What Fandom Racism Looks Like: The Cult(ure) of Nice

In the OTW Election Q&A segment on “AO3 Content Policy and Warnings”, there’s a merged question that asks the candidates:

How will you protect fanworks and meta which are upsetting or offensive across your platforms? What about if those fanworks or meta express views which are illegal/censored in some countries, but perfectly legal in others? Say a fan’s works don’t challenge problematic values endemic to older canons, or espouse problematic values directly.

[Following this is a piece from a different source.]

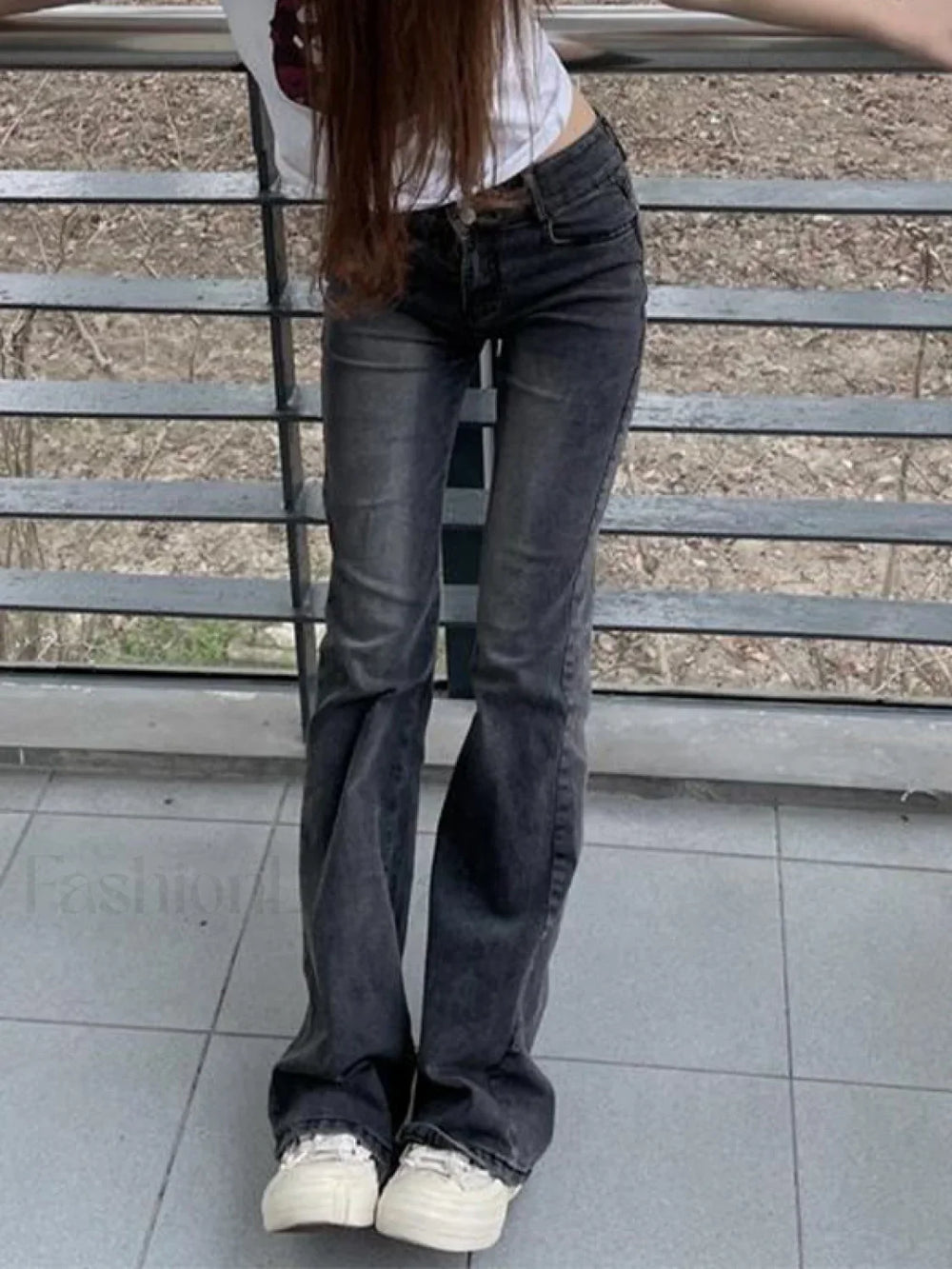 Vintage Ankle Flare Skinny Jeans Flare Jeans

Providing they politely abide by AO3’s TOS, do you believe this fan deserves equal protection under Ao3’s TOS (a posting platform, confidential treatment of their RL identity, ability to report harassment)?

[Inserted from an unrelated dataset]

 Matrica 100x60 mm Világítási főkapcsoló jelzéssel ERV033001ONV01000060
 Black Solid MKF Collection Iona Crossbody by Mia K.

Mind you, this question clearly is more focused on protecting fans creating content that could be considered problematic or harmful than it is on considering that fanworks aren’t more important than fans – and we’ll talk about how this sort of questioning elides conversations of race and racism to make it out to be about kinkshaming and anti-queer rhetoric another time, probably tomorrow.

But what stands out is the last part:

Providing they politely abide by AO3’s TOS, do you believe this fan deserves equal protection under Ao3’s TOS (a posting platform, confidential treatment of their RL identity, ability to report harassment)?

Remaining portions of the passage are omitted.